In the meantime (16.04.07) the problem nearly disappeared. It only appears when I´m tired and at the end “of a long day”,
Now she tells me about the patient who will receive/ has received the donation. He is aged 53 and comes from France. He is suffering from Chronic Myelogenous Leukemia (CML).
CML is rare and gradually becomes more aggressive over time, usually after six years. It affects a small percentage of children and adults over 50.
Three months after the transplantation DKMS will inform me, how he´s doing.
I wish him well and that he gets the power and endurance he needs during this hard and crucial period of time!
For the next two years I will be reserved as a potential donor for this patient, if he needs more stem cells again.

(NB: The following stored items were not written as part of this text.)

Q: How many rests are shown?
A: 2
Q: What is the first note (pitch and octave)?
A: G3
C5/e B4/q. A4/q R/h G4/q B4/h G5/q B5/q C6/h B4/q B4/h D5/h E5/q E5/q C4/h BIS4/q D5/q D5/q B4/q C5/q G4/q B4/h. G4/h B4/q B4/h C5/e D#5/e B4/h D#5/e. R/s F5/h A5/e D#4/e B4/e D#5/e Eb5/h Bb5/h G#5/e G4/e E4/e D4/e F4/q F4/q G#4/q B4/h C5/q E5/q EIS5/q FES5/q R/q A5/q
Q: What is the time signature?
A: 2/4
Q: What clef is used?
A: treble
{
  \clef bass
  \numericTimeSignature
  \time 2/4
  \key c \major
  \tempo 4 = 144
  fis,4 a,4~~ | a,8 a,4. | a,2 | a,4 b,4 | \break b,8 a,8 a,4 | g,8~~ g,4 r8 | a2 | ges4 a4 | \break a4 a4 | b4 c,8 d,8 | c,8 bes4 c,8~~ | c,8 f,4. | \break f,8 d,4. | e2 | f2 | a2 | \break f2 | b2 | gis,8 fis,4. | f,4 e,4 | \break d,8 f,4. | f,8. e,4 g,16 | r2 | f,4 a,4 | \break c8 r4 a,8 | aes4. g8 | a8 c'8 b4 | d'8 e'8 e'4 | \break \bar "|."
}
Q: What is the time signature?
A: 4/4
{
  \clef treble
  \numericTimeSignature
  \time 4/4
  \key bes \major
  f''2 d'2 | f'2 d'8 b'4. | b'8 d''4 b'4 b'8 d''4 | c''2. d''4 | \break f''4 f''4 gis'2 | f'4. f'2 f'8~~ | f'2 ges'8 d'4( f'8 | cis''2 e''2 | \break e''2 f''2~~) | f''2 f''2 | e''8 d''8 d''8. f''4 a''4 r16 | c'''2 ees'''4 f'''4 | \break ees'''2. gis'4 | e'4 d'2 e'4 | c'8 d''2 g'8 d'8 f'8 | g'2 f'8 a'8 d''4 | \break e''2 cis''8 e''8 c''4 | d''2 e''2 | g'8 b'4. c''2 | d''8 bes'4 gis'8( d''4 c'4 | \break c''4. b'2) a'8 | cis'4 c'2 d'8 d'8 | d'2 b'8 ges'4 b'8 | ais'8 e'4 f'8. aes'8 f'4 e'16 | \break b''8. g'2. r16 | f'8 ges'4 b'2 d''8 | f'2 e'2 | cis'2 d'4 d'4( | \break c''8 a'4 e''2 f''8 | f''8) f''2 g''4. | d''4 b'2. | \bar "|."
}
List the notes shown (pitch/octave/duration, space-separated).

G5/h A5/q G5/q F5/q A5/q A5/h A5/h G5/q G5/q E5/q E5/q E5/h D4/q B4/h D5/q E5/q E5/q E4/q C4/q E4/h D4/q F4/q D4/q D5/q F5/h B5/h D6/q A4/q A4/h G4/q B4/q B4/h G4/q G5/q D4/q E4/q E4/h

Also if it´s not so important and really not the use of giving a donation – I will never get to know the man. That is because of French law which wants to save both sides taking part in an transplantation. So it is not allowed that patient and donor get in contact with each other – even if both of them want to. It doesn´t matter how much time lies between. What´s left to me is an anonymous letter I can write. This I have to send to DKMS what will hand it on to the French transplantation organisation. The patient will receive it from there. At least something – even if restricted.
...to be continued
I´d like to tell about something I didn´t had expected in this huge clinic where I first of all thought to be only a small piece of the daily business of the employees:
Everyone (doctors, assistants, nurses, male nurses, … - if at the X-rays, the ECG, the lungs check and after all at the apheresis) welcomed me and treated me friendly and courteously all the time. Nearly everyone I had to do with was interested in how I had registered as a donor. And how they are pleased that there are people who are at disposal for a donation.
All that almost embarrased me. But it also feels good.
I am convinced that all people being part of this are working engaged and joyful (as far as “joyful” is possible at a ward like this).